1 Mayıs, dünya çapında işçilerin alın teriyle yoğrulmuş bir mücadele günüdür. Emeğin onurunu, dayanışmanın gücünü ve adalet arayışını temsil eder. Bingöl’de ise bu anlam, depremin yarattığı travmanın ardından adeta unutulmaya terk edildi. İktidar, bu sessizliği avantaja çevirdi. Anmalarla yetinen bir yaklaşım, emekçilerin taleplerini, hak arayışlarını ve örgütlü mücadelesini görünmez kıldı. Yas, elbette saygıyla anılmalı; ancak 1 Mayıs’ın ruhu, sadece kaybı hatırlamak değil, yaşamı ve emeği yüceltmektir.
Daha vahimi, demokratik kurumların ve sivil toplumun bu sessizliğe karşı yeterince ses yükseltmemesi oldu. Sendikalar, meslek örgütleri ve halk inisiyatifleri, 1 Mayıs’ı Bingöl’de yeniden bir mücadele ve dayanışma gününe dönüştürmek için etkili bir çaba göstermedi. Bu tembellik, iktidarın işine yaradı; çünkü emekçilerin bir araya gelip haklarını haykırdığı bir gün, mevcut düzenin konforunu sarsabilirdi. Demokratik kurumların bu oyuna seyirci kalması, adeta iktidarın ekmeğine yağ sürdü.

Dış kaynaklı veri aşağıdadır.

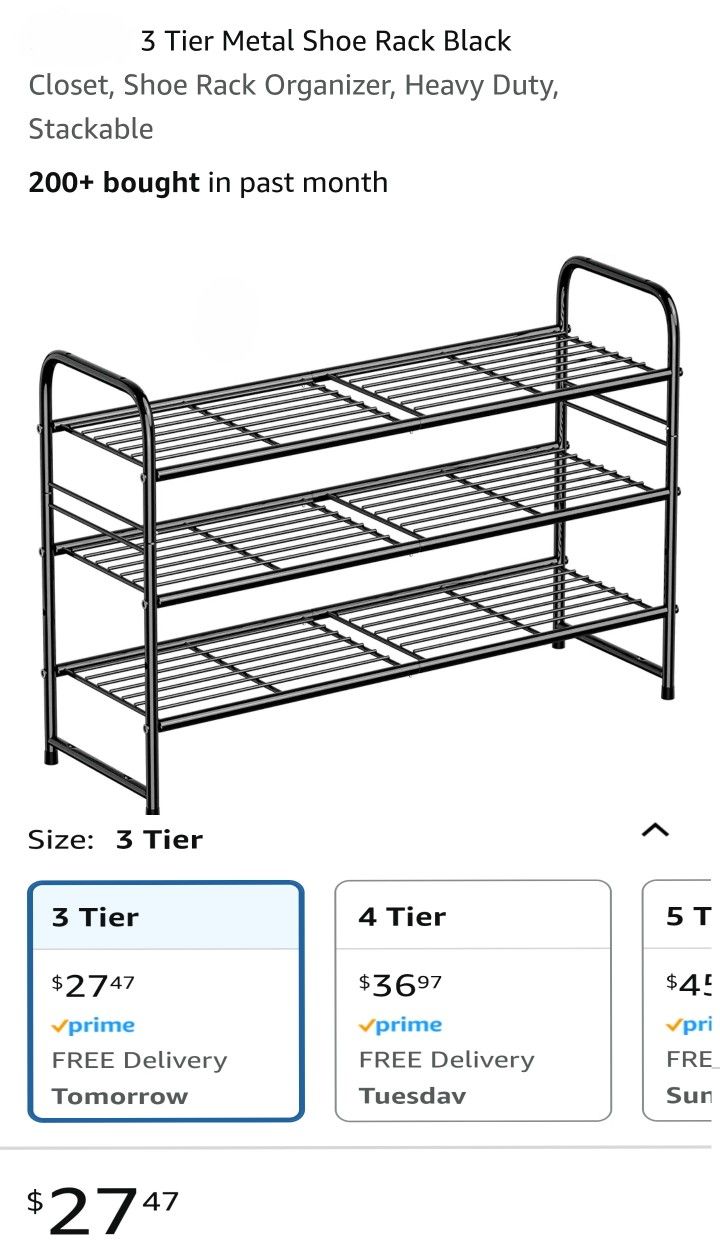 Shoe Rack (3 Tier) Stackable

Oysa 1 Mayıs, Bingöl’ün emekçileri için de bir umut ışığı olabilir. Depremin yaralarını sarmak, sadece binaları yeniden inşa etmekle değil, toplumsal dayanışmayı ve emeğin değerini yüceltmekle mümkün. Bingöl’ün işçileri, köylüleri, yoksulları; alın teriyle yaşam mücadelesi veren herkesi bir araya getirecek bir 1 Mayıs, hem depremin izlerini silmek hem de adalet arayışını güçlendirmek için bir fırsat. Bu, aynı zamanda, genç nesillere emeğin onurunu ve dayanışmanın gücünü öğretme şansı.
Artık bu sessizliği kırmanın vakti geldi. Demokratik kurumlar, sendikalar ve halk inisiyatifleri, 1 Mayıs’ı Bingöl’de yeniden bir emek ve mücadele bayramına dönüştürmek için adım atmalı. Sokaklarda, meydanlarda, depremin anısını saygıyla yâd ederek ama aynı zamanda geleceğe umutla bakarak kutlamalar yapılmalı. Emeğin hakkı, adaletin sesi yükselmeli. Çünkü 1 Mayıs, sadece bir gün değil; işçinin, emekçinin, ezilenin onurudur. Bingöl, bu onuru yeniden kucaklamalı; ne depremin gölgesi ne de iktidarın gölgesi bu ruhu söndürmemeli.
“Kirlenmiş bir zihin, gerçeği çarpıtır.” Gerçek, emekle, dayanışmayla, mücadeleyle inşa edilir. 1 Mayıs, bu gerçeğin bayrağıdır. Bingöl’de o bayrağı yeniden yükseltelim.